The Maltese Falcon is one of a very small number of movies to earn that rarified rating, and nearly 80 years after its release pretty much everybody is still all up on its dick. Featuring Humphrey "Here's Looking At You Kid" Bogart in one of his earlier starring roles, The Maltese Falcon isn't just a noir mystery full of tough guys, femmes fatales, and cool cat dialogue, it's a pop culture Fertile Crescent.


All you Stars Wars fans (assuming there are any of you left after the last six movies), where do you think the Millennium Falcon got its name? And if the fact that Bogie's man's man, all go no quit, smart-ass, rogue private detective Sam Spade was the inspiration for the similarly styled, shoot-first-ask-questions-never Han Solo makes you go hmm, well then you're just not paying attention.

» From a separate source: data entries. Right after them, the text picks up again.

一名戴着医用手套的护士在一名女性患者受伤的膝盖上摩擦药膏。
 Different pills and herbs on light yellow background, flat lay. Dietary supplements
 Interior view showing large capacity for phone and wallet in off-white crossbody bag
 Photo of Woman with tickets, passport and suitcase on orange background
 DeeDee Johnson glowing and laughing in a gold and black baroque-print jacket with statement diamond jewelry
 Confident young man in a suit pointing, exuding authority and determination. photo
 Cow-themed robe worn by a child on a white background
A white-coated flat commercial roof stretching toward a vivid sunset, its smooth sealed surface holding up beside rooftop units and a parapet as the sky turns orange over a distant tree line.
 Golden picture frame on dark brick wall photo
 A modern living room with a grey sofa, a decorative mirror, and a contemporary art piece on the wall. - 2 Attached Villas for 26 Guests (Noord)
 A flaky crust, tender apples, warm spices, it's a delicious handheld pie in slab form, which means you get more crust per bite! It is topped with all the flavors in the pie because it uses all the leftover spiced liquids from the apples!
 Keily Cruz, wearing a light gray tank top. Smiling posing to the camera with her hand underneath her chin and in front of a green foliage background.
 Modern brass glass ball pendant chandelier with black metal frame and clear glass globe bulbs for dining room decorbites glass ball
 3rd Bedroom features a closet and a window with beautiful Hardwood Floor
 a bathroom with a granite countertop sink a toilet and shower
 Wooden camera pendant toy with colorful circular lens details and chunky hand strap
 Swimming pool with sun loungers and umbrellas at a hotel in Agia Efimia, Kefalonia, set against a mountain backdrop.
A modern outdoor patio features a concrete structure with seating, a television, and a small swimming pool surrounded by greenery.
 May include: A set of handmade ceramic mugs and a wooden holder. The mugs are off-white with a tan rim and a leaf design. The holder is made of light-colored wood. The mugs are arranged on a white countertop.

Shakespeare may have coined the first version of the phrase "the stuff that dreams are made of," but there's less doubt than the outcome of a professional wrestling match that The Maltese Falcon exposed way more of the world to it and made it a permanent part of the cultural lexicon. Peter "Peter Pumpkin Eater" Lorre's shifty criminal in this flick, and others, morphed into Ren of Ren & Stimpy fame, and Ren's refrain that Stimpy is a "fat, bloated, idiot" tracks directly back to a Lorre rant in The Maltese Falcon.


Even today, this flick still packs punches and surprises. For all y'all that bitch about the movie biz having been destroyed by the remake/reboot/sequel machine, did you know that The Maltese Falcon wasn't just adapted from a 1930 Dashiell Hammett novel, it was the third film based on that story? That's right, The Maltese Falcon was a double reboot!


Stick that in your statue and . . . then lose the statue for decades until it motivates massive amounts of murder and mayhem.